If you’re on top of online marketing for your business, then chances are you’ve put up a website, a blog, a Facebook business page, a Twitter account, a LinkedIn account, and you send out regular emails to your mailing list. Maybe you even do more than that!
Is it working? Are you driving lots of traffic your way and making lots of sales?
Or not so much?
It could be that you’ve bought the car, so to speak, but failed to keep air in the tires and oil in the crankcase. Periodically, you’ve got to take that machine in to check the tire pressure and give it a tune-up!

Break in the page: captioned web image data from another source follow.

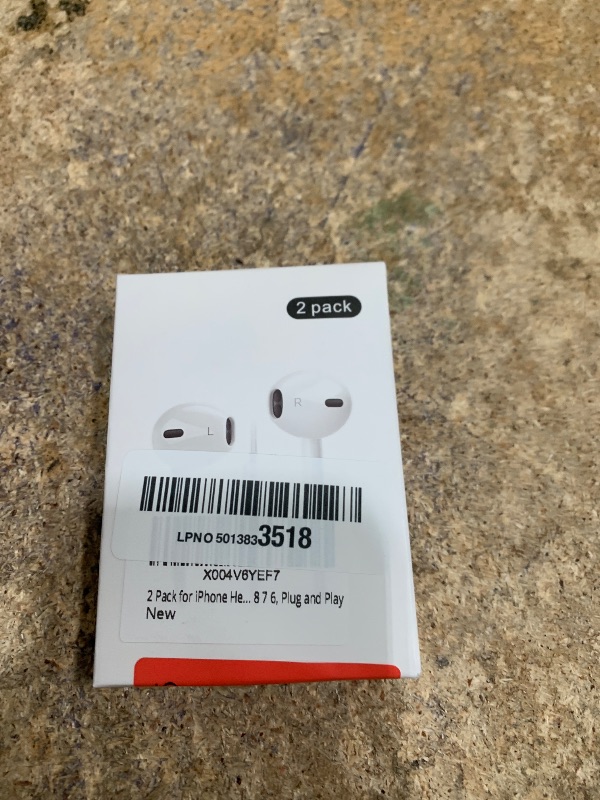 Photo 1 of [Apple MFi Certified] 2 Pack Lightning Headphones, True Plug and Play Wired Earbuds for iPhone with Microphone & Volume Control, in-Ear Earphones Compatible with iPhone 14 13 12 11 Pro Max XS XR 8 7
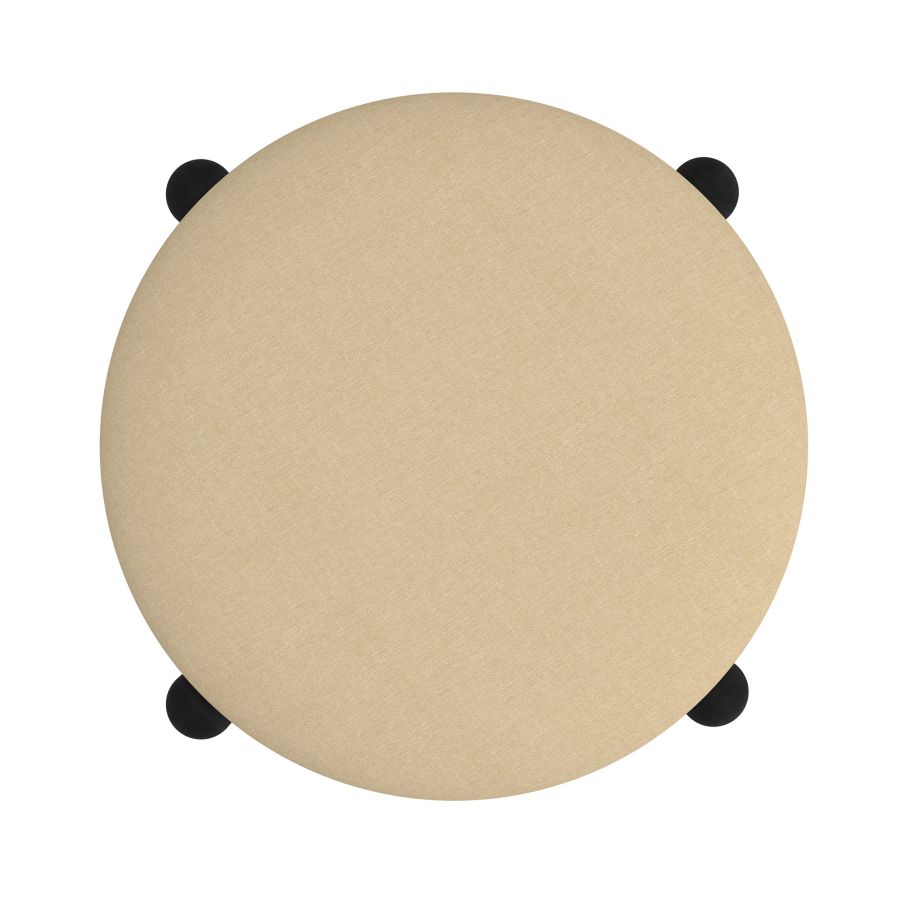 Heidi Round Storage Ottoman in Beige and Black 402-976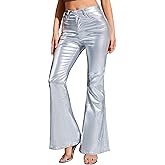 Odefou Sparkly Bell Bottom Jeans for Women Flare Silver Metallic Pants Bootcut Pantalones De Mujer Rave Outfits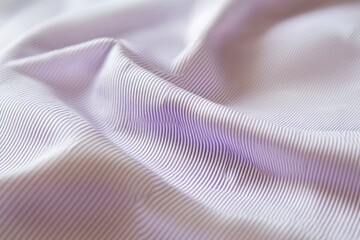 Wall Mural - Close-up of light purple striped cotton fabric with soft folds and subtle texture, creating an elegant and calming background for various creative projects and designs.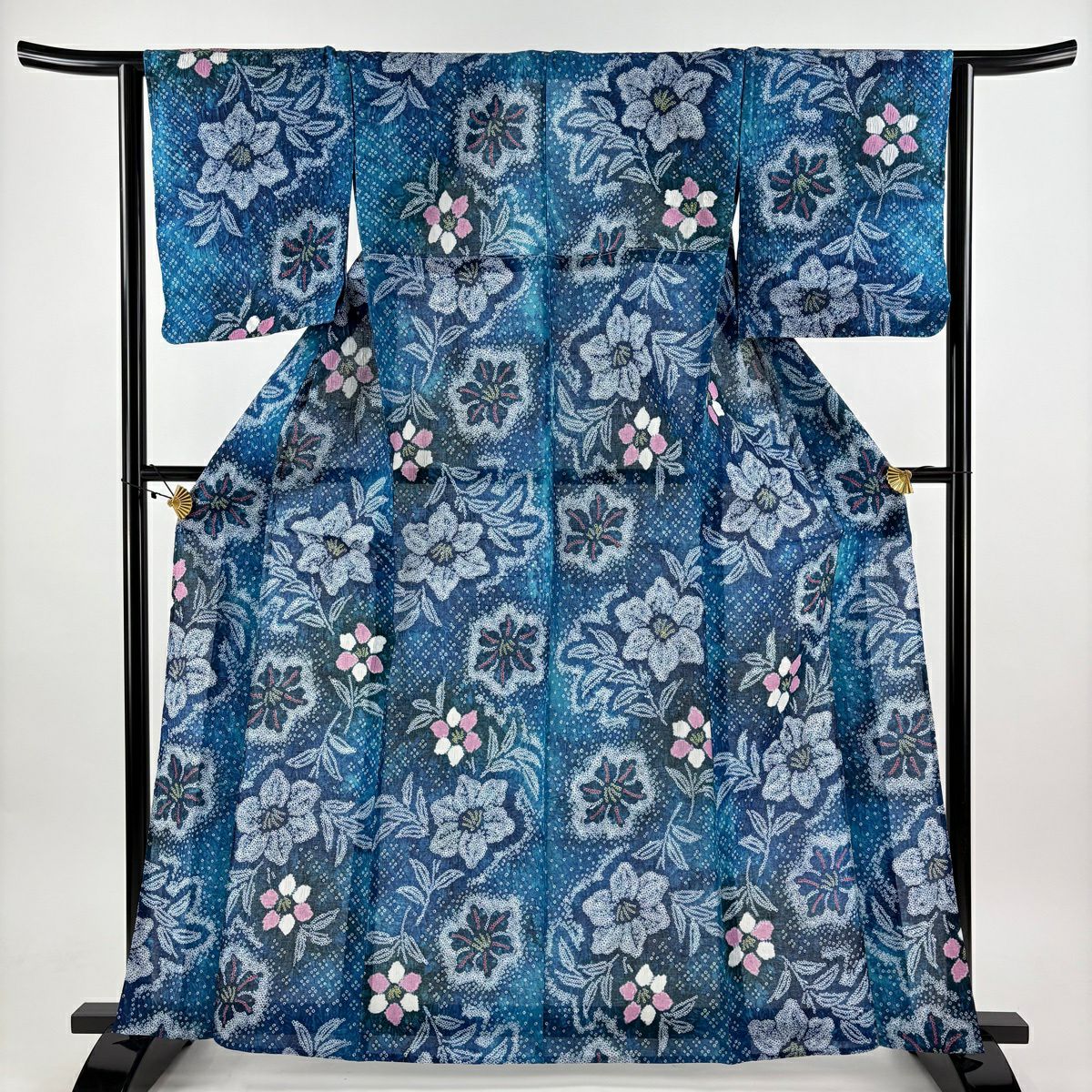 【美品】 浴衣 身長164cm 袖長63cm S 絞染浴衣 草花紋紋 青綠 純棉 名品級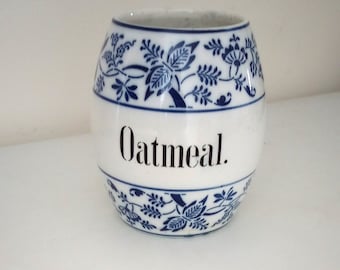 Vintage Blue Onion Oatmeal Canister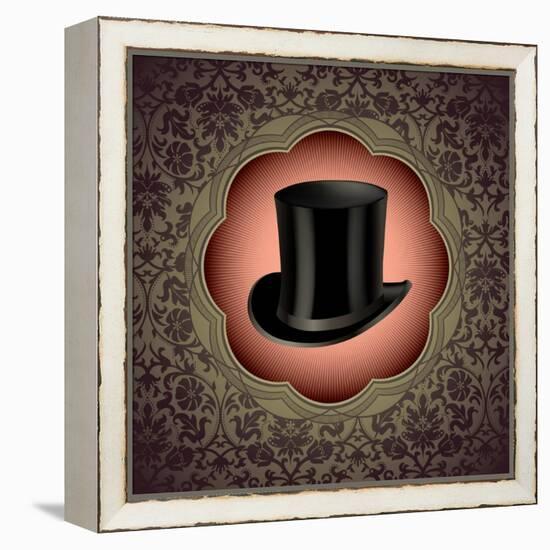 Vintage Floral With Top Hat-Rashomon-Framed Stretched Canvas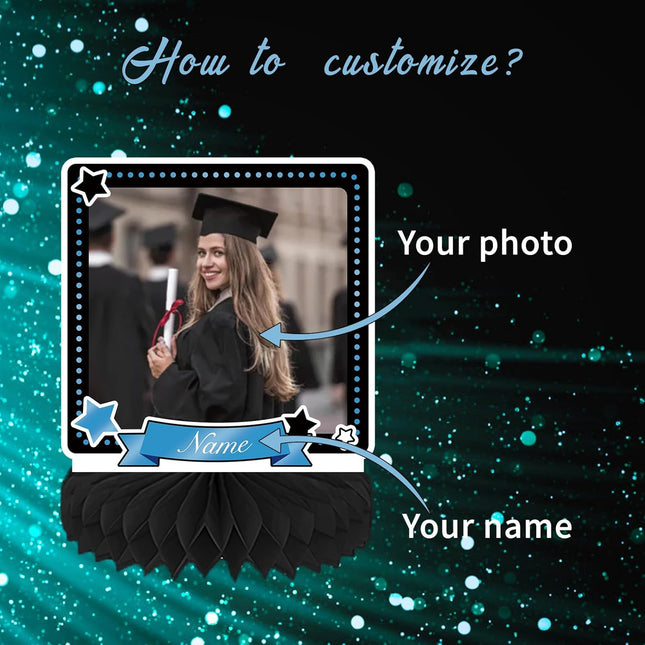 UUBAO 9 PCS Custom Graduation Party Honeycomb Centerpieces Class of 2025 Congrats Grad Decorations Congratulate Graduation Table Toppers for Graduation Party Favor Supplies (Sky Blue)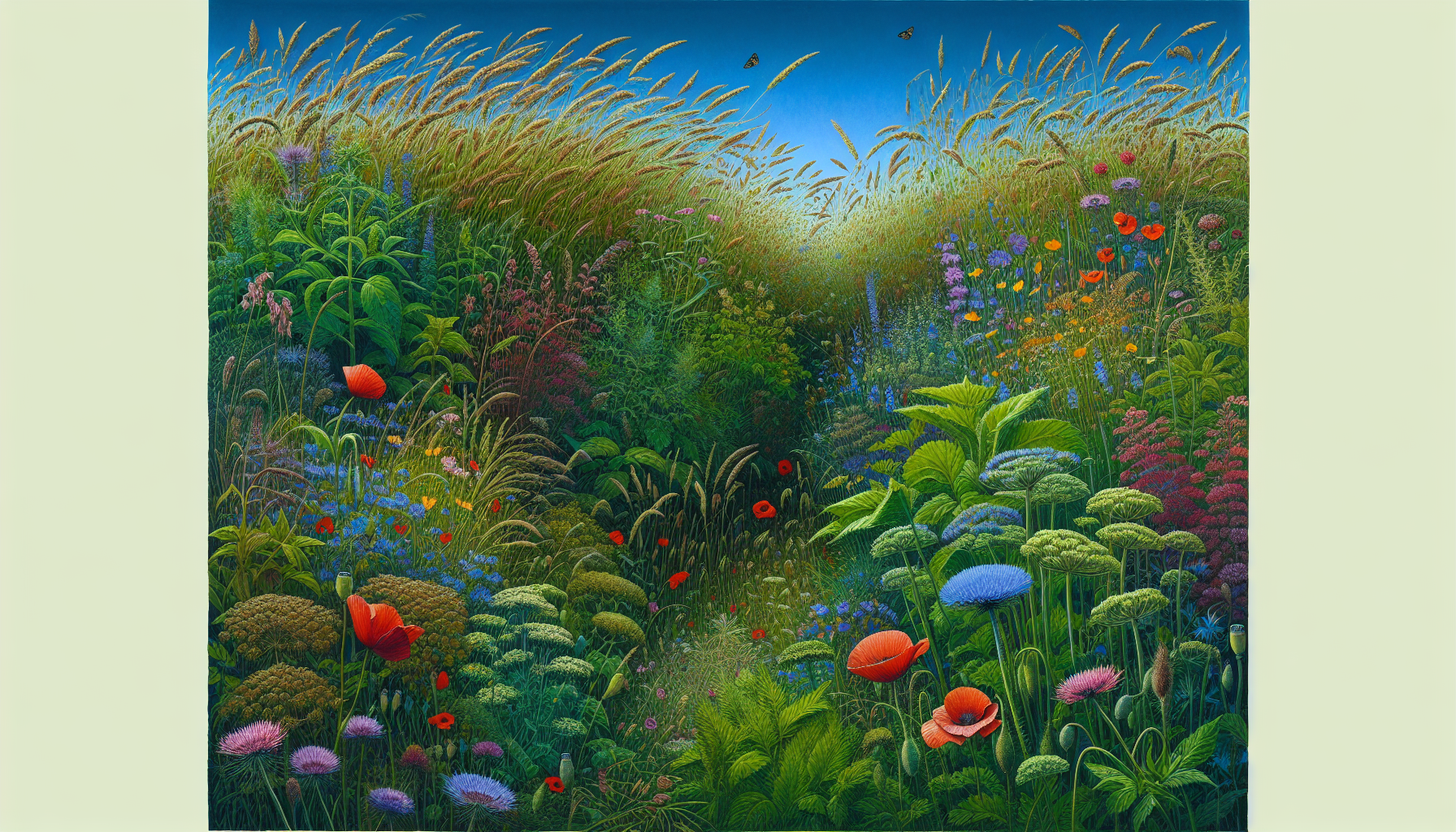Overgrown wild grass and flowers in a garden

Here’s a 10-Point Checklist for tuning up your own web traffic-driving machine:
1. Simplicity of Home Page Design
The word in web design now is simplicity. Make sure your home page is super clear and leads to one Call to Action, such as signing up for your mailing list. Don’t try to cram lots of pictures and text here – make it easy for your first-time visitor to understand the product or benefit you provide, who you are, and what’s special about you.
2. Blogging – Regularly
Blogging is more important than ever in driving traffic to your website. If you don’t blog at least once a week, step it up. If you have trouble coming up with content, google your most relevant keywords, find articles that would be of interest to your followers, and use them as resources for your own posts – or mention the articles and give hotlinks.
3. Facebook Business Page Activity Level
You should post an update to your Facebook business page at least weekly. The easiest way to do this is to post an excerpt or teaser for your latest blog post. You can even install an application that will post an excerpt for you, whenever you blog.
4. Facebook “Like” Builders
An alternate reveal tab with an inducement to “Like” your page in order to see the alternate view, or a Facebook ad campaign can both drive up Likers for your Facebook page, giving you a wider audience to promote your blog and website and drive traffic your way.
5. Twitter Action
You should be tweeting regularly – at least twice a day. Learn and use scheduling tools such as Twaitter or Hootsuite to help streamline this task.
6. Back-End Web Stuff
Check the “back end” of your website to make sure that search engine optimization best practices are being followed. Does every image have alt text? Have you customized meta data for each page? Does your site use “pretty permalinks?” If you don’t understand how to do these things, find a service that will check and correct these items for you. (Publicity Pros does a Website Analysis for $295, and will custom-quote you on fixes that are needed. Or, you can learn how to do scores of checks and fixes at WebTraffic-123 for a one-time lifetime membership fee of $297.)
7. LinkedIn Action
LinkedIn has been a powerful online networking presence for quite awhile, and you should have a profile posted on this free service. But don’t stop there. Search out groups that appeal to your potential customer or client, join up, and participate in discussions to make yourself known. We’ve seen a lot of new movement on this site, most likely in an effort to compete with Facebook. Lots of new features have cropped up. Check them out and take advantage of them.
8. Email – Do You Do It Regularly?
Email is a great way to communicate in a more modest, calm, and personal way than some of the other outreach methods available. Make sure you’re doing all you can to collect new subscribers to your mailing list, and reach out to them once or twice a month with valuable information and/or offers. Oh, and the word these days is that plain-looking emails have better open and click-through rates than fancy designed ones, so tone down your design if it’s been really splashy, and see if you get better open rates.
9. Two-Way Communication
This is perhaps the trickiest part of outreach, because two-way communication such as sending and responding to Twitter direct messages, blog comments, and visitor’s updates on your Facebook pages takes diligence and a willingness to listen. You can’t automate this feature. The great thing is, it’s real communication, and can be the most satisfying aspect of social media activities, once you get the hang of it.
10. Guest Blogging
As with blogging, guest blogging is a great driver of web traffic, both for the organic “drive” that happens when someone reads your blog and clicks through to your site, and for the enhanced site ranking that Alexa and Google and other rating systems give your site when you have more backlinks. Search out and contribute to blogs that relate to your business or market.
Good one Ann. I’m about to do a redesign of my web site.